Top of Source information

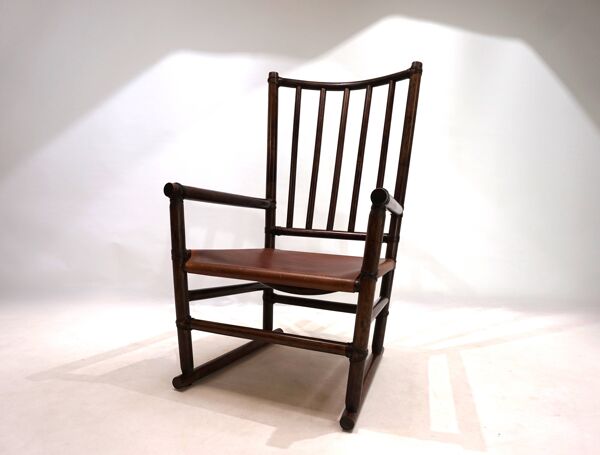 Fauteuil Manou en rotin et assise en cuir, 1960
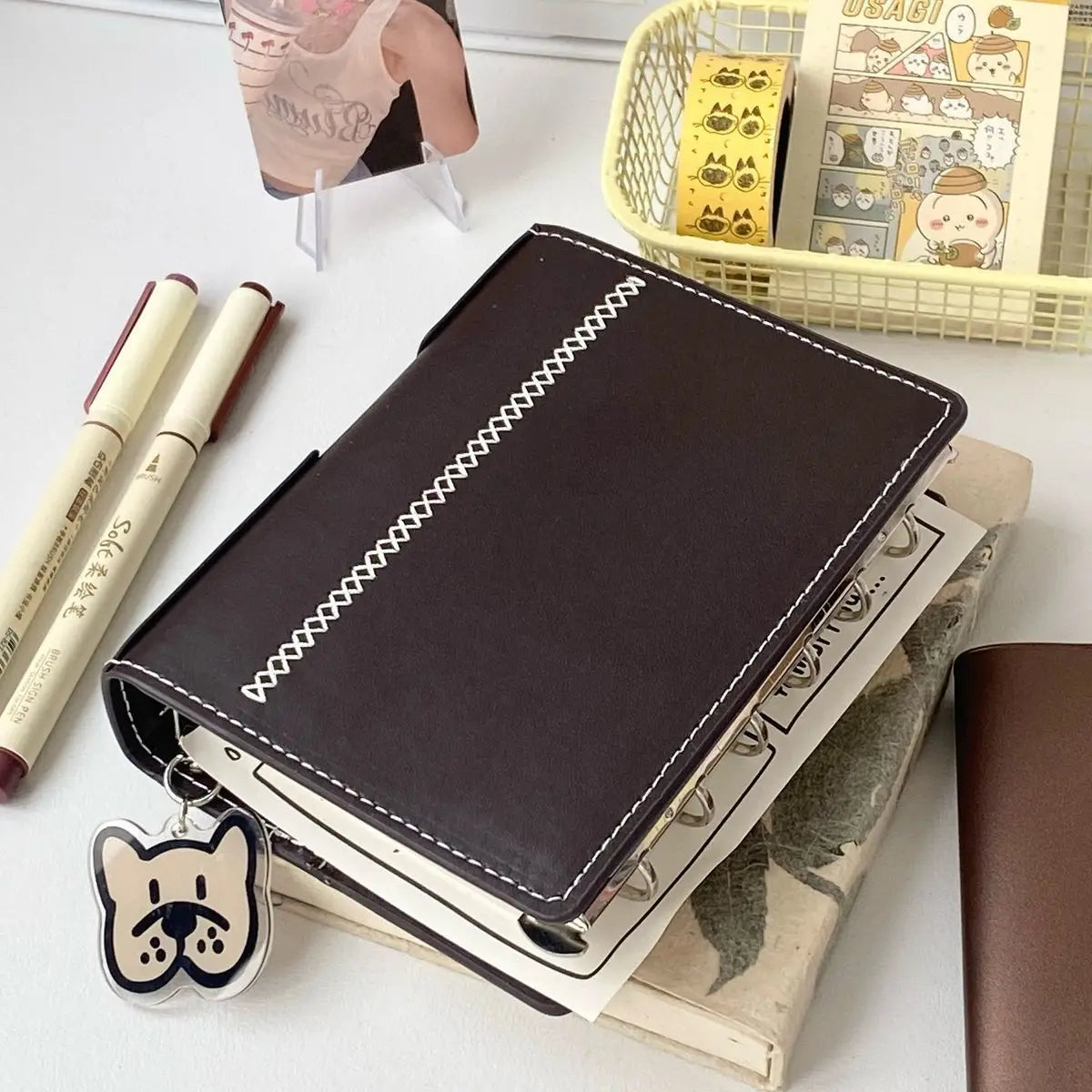 Bindemittel A7 Notizbuch abnehmbar loseblattig dunkelbraun weiß Kunstleder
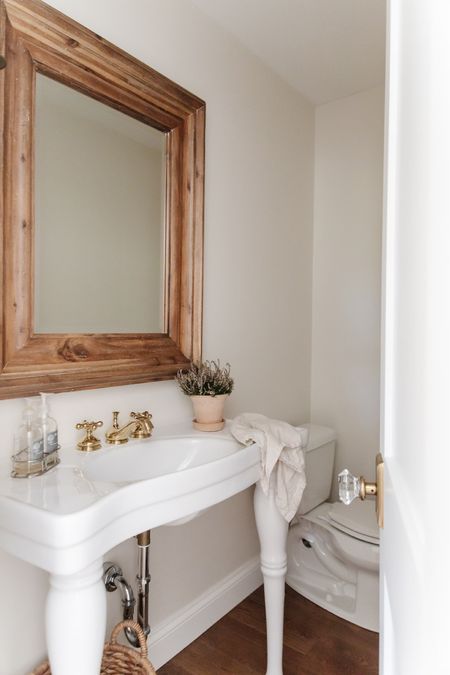 Shop our entryway bathroom from our latest reel! Post includes sink, brass faucet, terracotta pot, and brass and crystal door knob. Bathroom inspiration, powder room, powder room decor, powder room brass hardware, powder room sink, white sink, bathroom decor, home decor.

#LTKstyletip #LTKhome
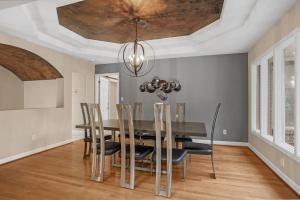 comedor con mesa, sillas y techo en Luxurious Private Lakefront Paradise home, en Mooresville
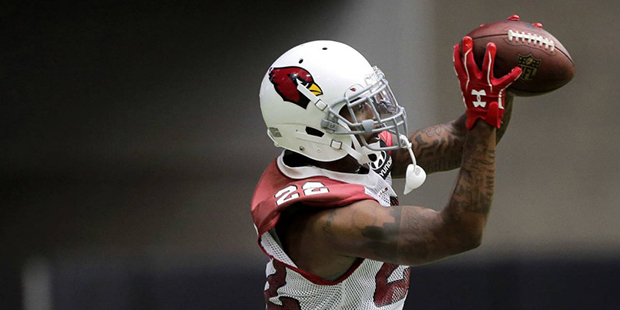 Arizona Cardinals' Tony Jefferson pulls in a pass during practice at the NFL football team's traini...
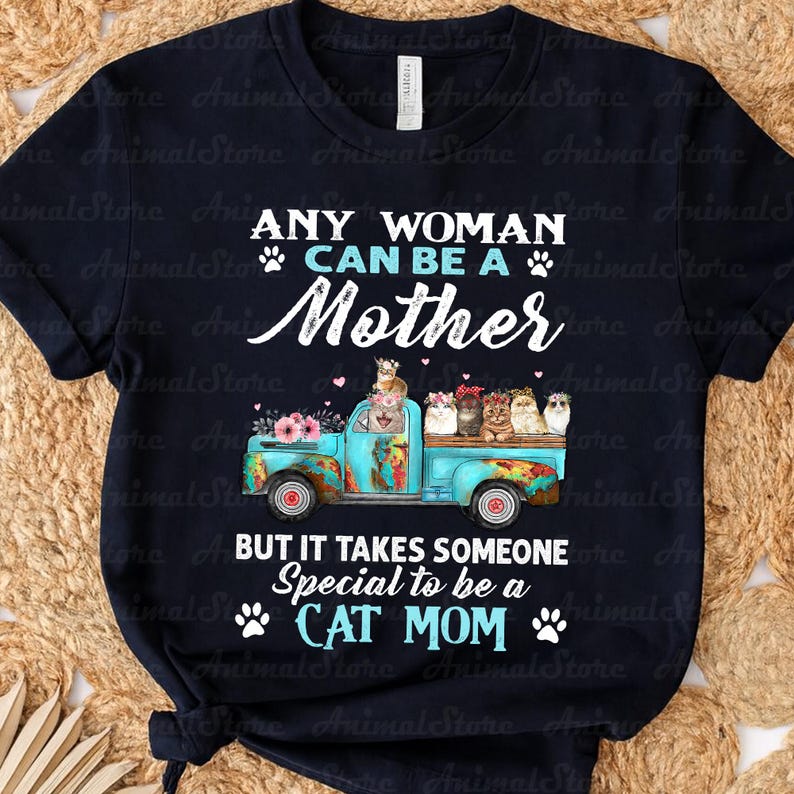 Puede incluir: Camiseta azul marino con el texto "ANY WOMAN CAN BE A MOTHER BUT IT TAKES SOMEONE SPECIAL TO BE A CAT MOM." Un cami&oacute;n turquesa transporta gatos y flores. La camiseta tiene un dise&ntilde;o desgastado.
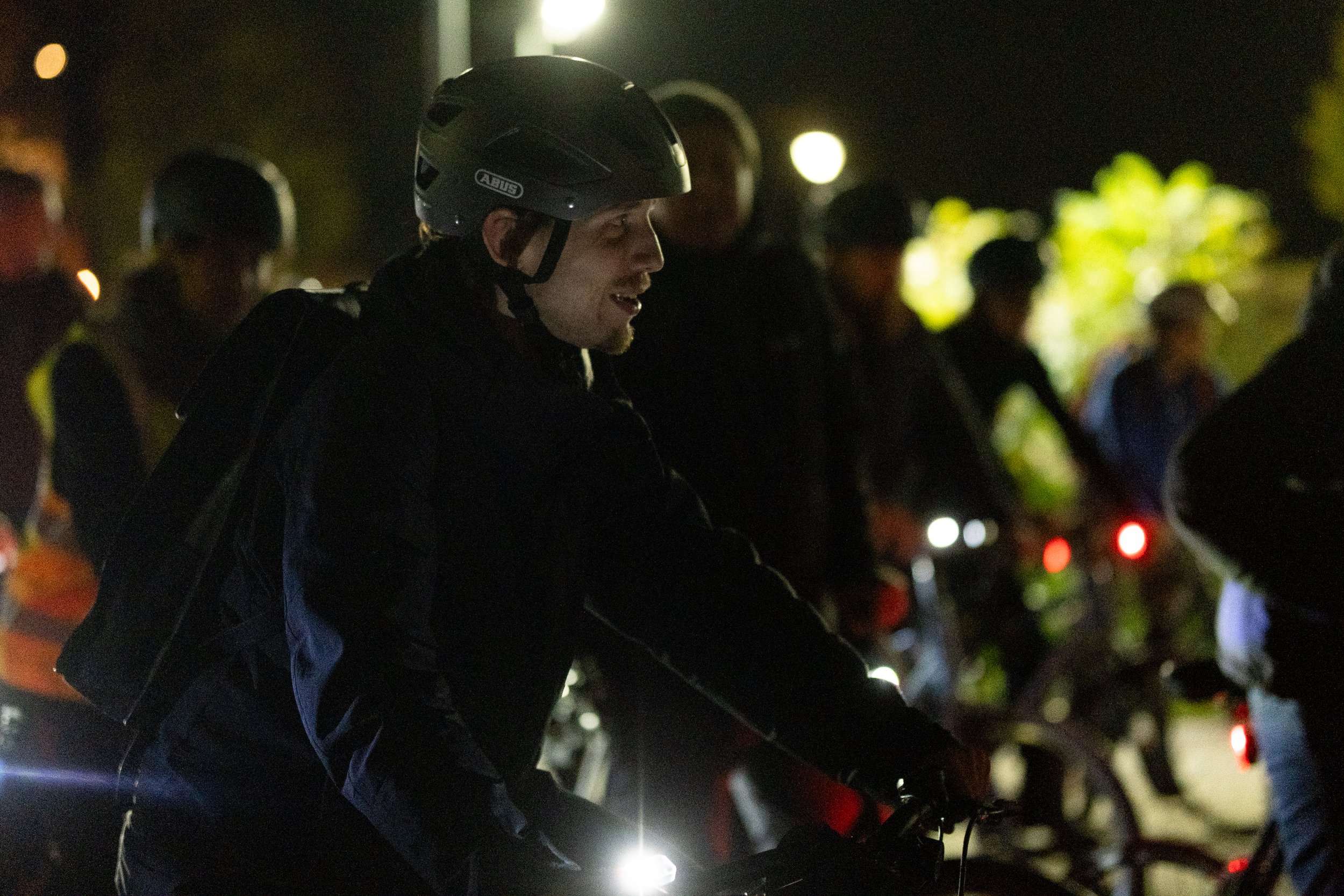 A man with a helmet riding a bicycle at night, with a group of people and blurred lights in the background.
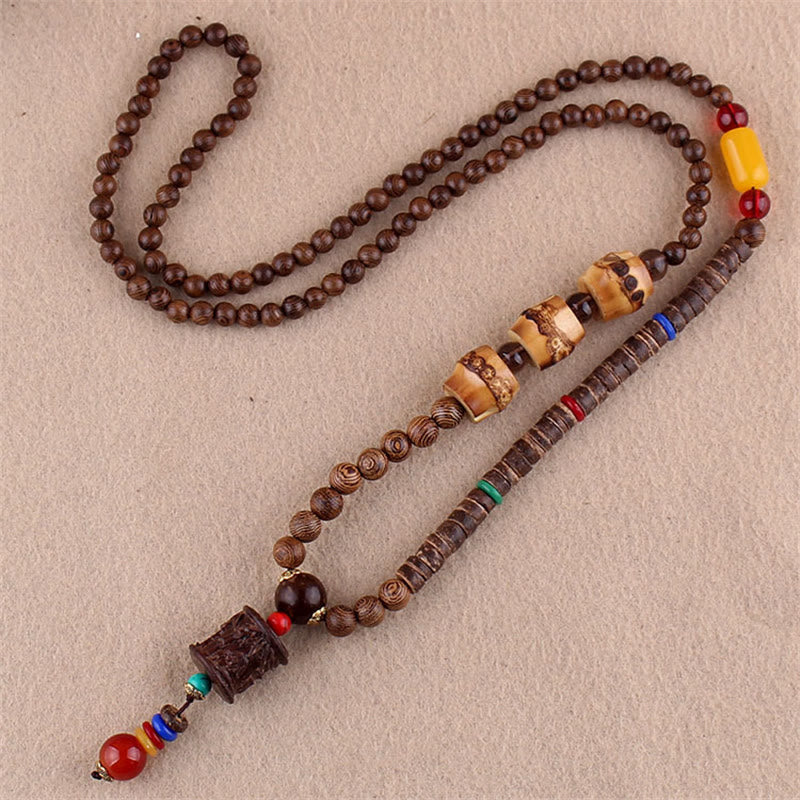 Collier pendentif protection éléphant en Buddha Stones tibétain en bois de wengé Bodhi Seed Agate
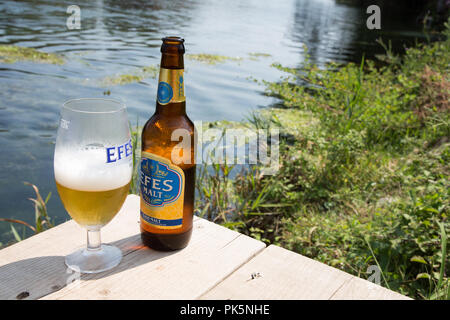 Kalte Flasche EFES Pilsener Malz Bier auf einer hölzernen Steg auf dem Fluss Azmac, Akyaka, Provinz Mugla, Türkei Stockfoto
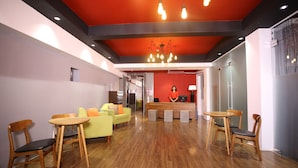 Una moderna recepción con muebles de madera, una pared de acento roja y una lámpara de araña.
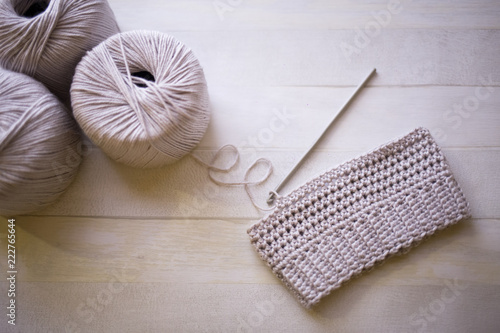 Handmade crochet tiny hat from grey cotton yarn, hobby crafts crocheting with steel hook, wooden background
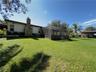 Expansive backyard featuring a large grass lawn, stone-faced exterior chimney, and a screened-in rear enclosure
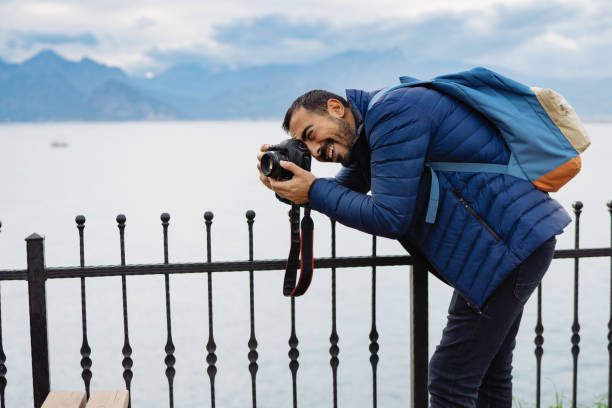 istock Young man photographer shooting on location with backpack 912263678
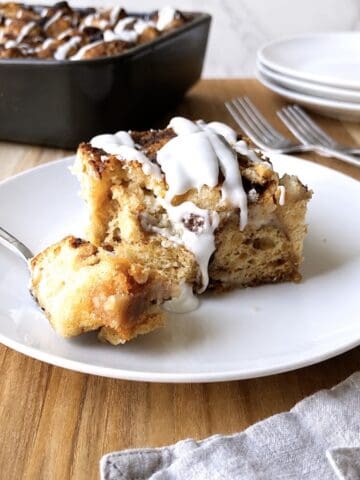 Slice of cinnamon roll dump cake on a white plate.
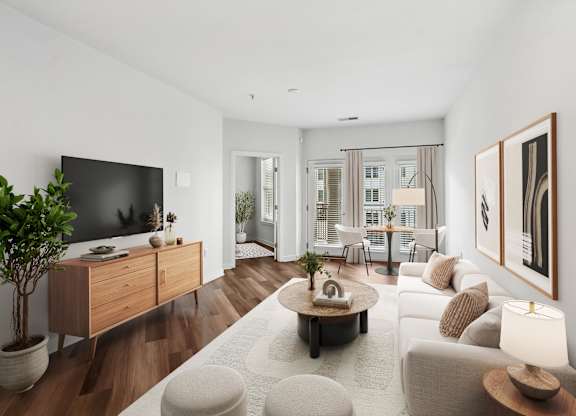 A modern living room with a flat screen TV, a coffee table, and a large window.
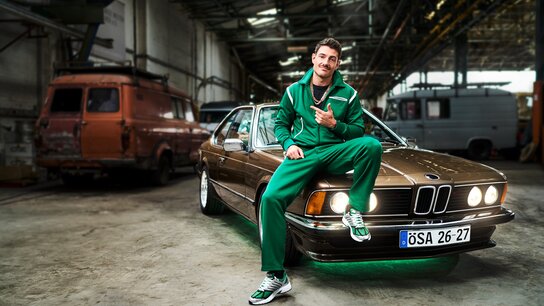Mann in grünem Sportanzug sitzt lässig auf einem braunen BMW in einer Industriehalle. Angedeutetes Lächeln und Daumen hoch.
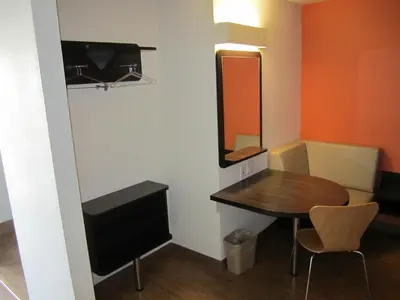 a small room with a table and a mirror at Motel 6-Anaheim, CA in Anaheim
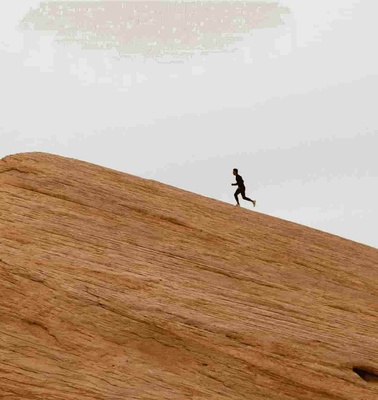 A person running on a large smooth sandstone hill under a cloudy sky.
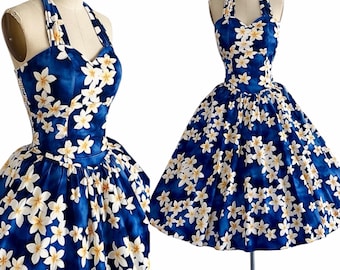 Pode incluir: Um vestido sem mangas com decote halter sobre um fundo azul profundo com um padrão repetitivo de flores de plumeria brancas e amarelas. O vestido tem um corpete justo com decote em coração e uma saia plissada ampla até aos joelhos.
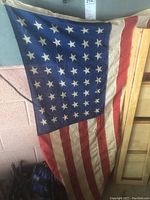 Vintage US flag with 48 stars and stripes hung on a garage wall, showing wear and fabric detail.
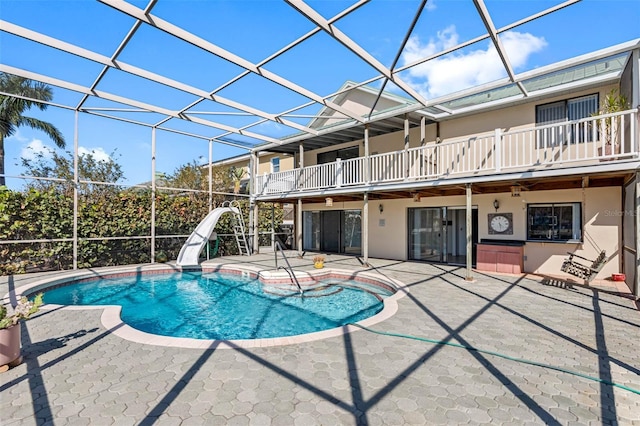 view of pool with a patio, a water slide, and a lanai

Bottom of Source information

Instructions for the task: Repeat the material exactly. Any picture in it should be dropped.

Reply to the exercise:
 Fauteuil Manou en rotin et assise en cuir, 1960
 Bindemittel A7 Notizbuch abnehmbar loseblattig dunkelbraun weiß Kunstleder
 Shop our entryway bathroom from our latest reel! Post includes sink, brass faucet, terracotta pot, and brass and crystal door knob. Bathroom inspiration, powder room, powder room decor, powder room brass hardware, powder room sink, white sink, bathroom decor, home decor.

#LTKstyletip #LTKhome
 comedor con mesa, sillas y techo en Luxurious Private Lakefront Paradise home, en Mooresville
 Arizona Cardinals' Tony Jefferson pulls in a pass during practice at the NFL football team's traini...
 Puede incluir: Camiseta azul marino con el texto "ANY WOMAN CAN BE A MOTHER BUT IT TAKES SOMEONE SPECIAL TO BE A CAT MOM." Un cami&oacute;n turquesa transporta gatos y flores. La camiseta tiene un dise&ntilde;o desgastado.
 A man with a helmet riding a bicycle at night, with a group of people and blurred lights in the background.
 Collier pendentif protection éléphant en Buddha Stones tibétain en bois de wengé Bodhi Seed Agate
 Kalte Flasche EFES Pilsener Malz Bier auf einer hölzernen Steg auf dem Fluss Azmac, Akyaka, Provinz Mugla, Türkei Stockfoto
 Una moderna recepción con muebles de madera, una pared de acento roja y una lámpara de araña.
 Handmade crochet tiny hat from grey cotton yarn, hobby crafts crocheting with steel hook, wooden background
 Expansive backyard featuring a large grass lawn, stone-faced exterior chimney, and a screened-in rear enclosure
 istock Young man photographer shooting on location with backpack 912263678
 Slice of cinnamon roll dump cake on a white plate.
 A modern living room with a flat screen TV, a coffee table, and a large window.
Mann in grünem Sportanzug sitzt lässig auf einem braunen BMW in einer Industriehalle. Angedeutetes Lächeln und Daumen hoch.
 a small room with a table and a mirror at Motel 6-Anaheim, CA in Anaheim
 A person running on a large smooth sandstone hill under a cloudy sky.
 Pode incluir: Um vestido sem mangas com decote halter sobre um fundo azul profundo com um padrão repetitivo de flores de plumeria brancas e amarelas. O vestido tem um corpete justo com decote em coração e uma saia plissada ampla até aos joelhos.
 Vintage US flag with 48 stars and stripes hung on a garage wall, showing wear and fabric detail.
 view of pool with a patio, a water slide, and a lanai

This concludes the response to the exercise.